Gil Scott Heron claimed that, "the revolution will not be televised." I agree, but this assertion was made well before YouTube. The democratization of the media has made it possible to broadcast the revolution. Though GE might not make a habit of informing the masses about abuses by the man, a video of police brutality can reach millions almost instantly and force the hand of the mainstream media. In St. George, MO an officer was caught on video threatening to jail an individual on false charges. Once posted to the internet and pick up by local media, an investigation was initiated.
Granted there are still many hours of useless video residing at YouTube (I should know I have posted some of it), but since its purchase by Google is has been gradually inching its way to legitimacy. In conjunction with CNN it has become a part of the 2008 election campaign. Users were invited to pose question via YouTube and the best of those questions were posed to the candidates.

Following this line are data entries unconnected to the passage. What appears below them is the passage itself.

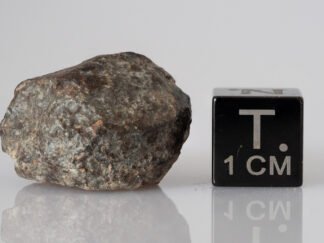 NWA 869 (L3-6) - 9.98g specimen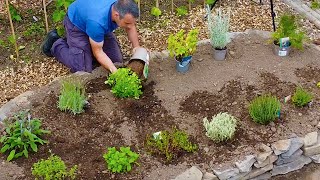 KITCHEN HERB GARDEN (How To Plant & Care For It)
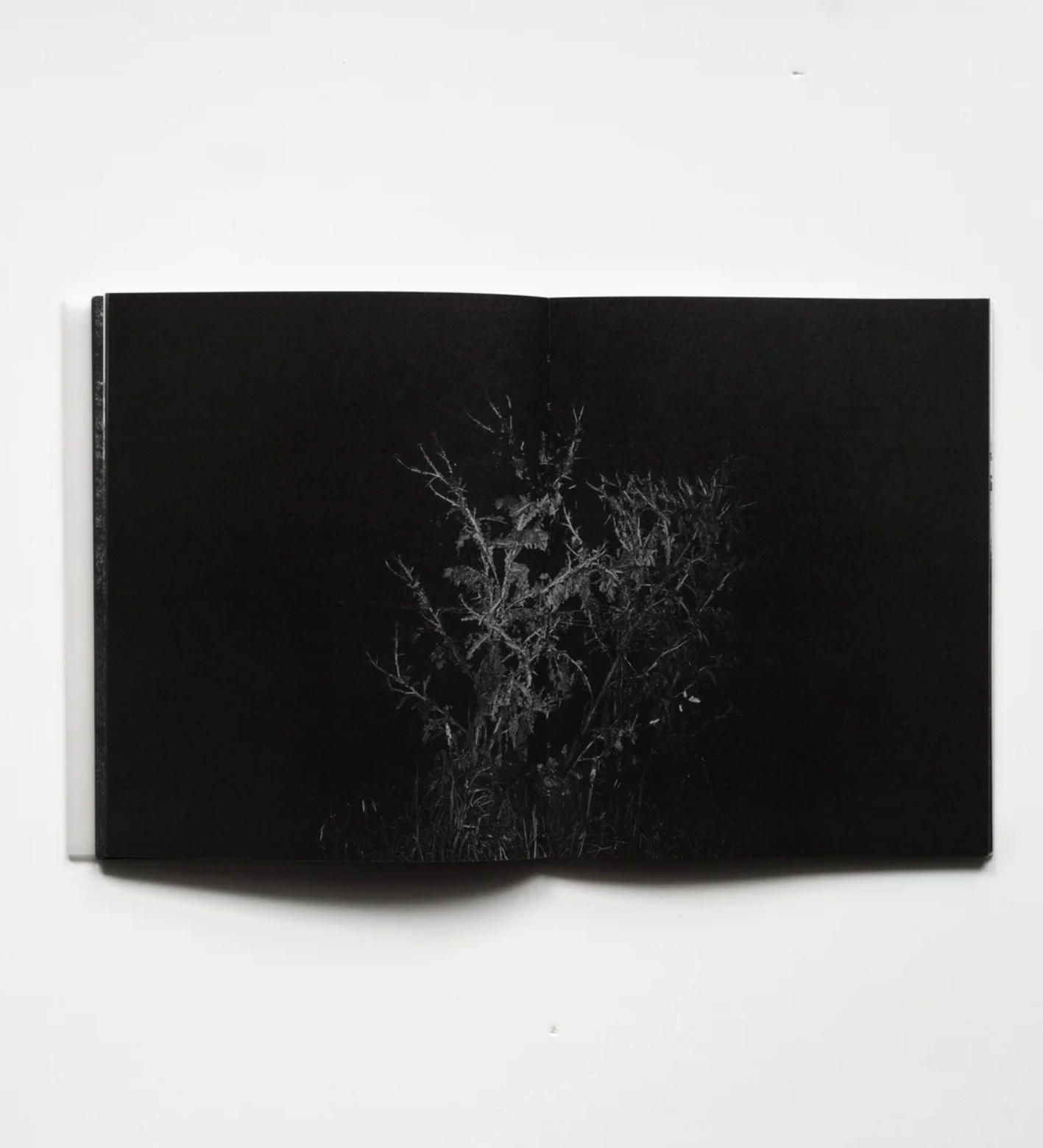 Maciej Forreiter and Jakub Szachnowski: RAREFIED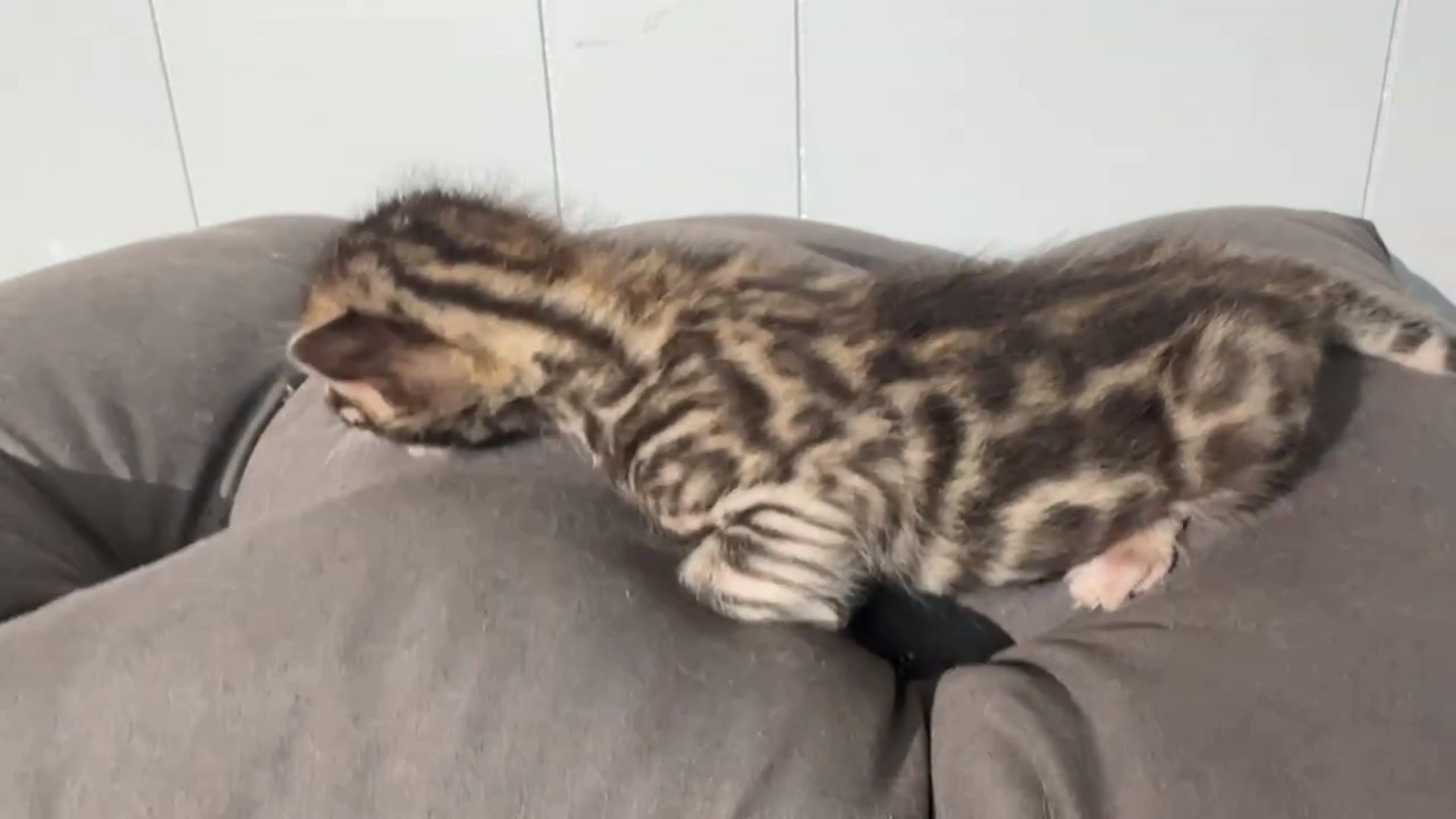 Picasso - Brown Rosetted Bengal kitten at Wilde Bengals, photo 8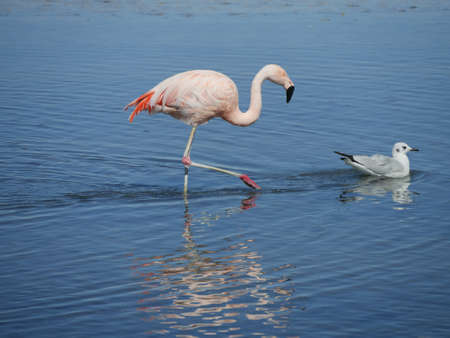 Flamingos in Chille, atacama san pedroの写真素材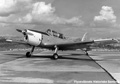 ChipmunkTMk20 s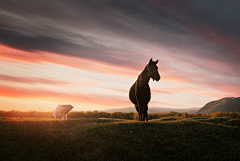 Michael-lianglion采集到Horses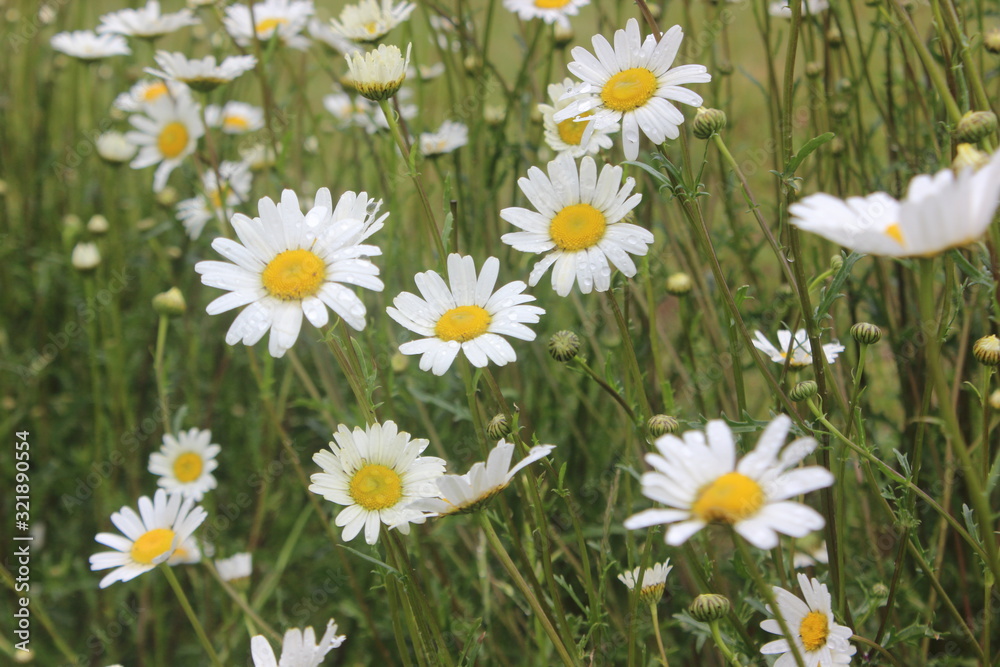 Fototapeta premium Valley of flower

Why then do a majority of schools still block access? For any tech savvy teacher there are ways around this problem. There are web tools that will allow you to download streaming video and free converters to allow you to put it in almost any format you desire. However, as we all know, the number of teachers with the expertise, patiences, and time to do this is limited.
I have long advocated web access to almost all but the most obscene sites. How are we to teach students to be citizens if we deny them access to the community? YouTube is only the beginning. Open the playground and let the experimenting begin. Denying students access to the web is not just annoying, but it is criminal.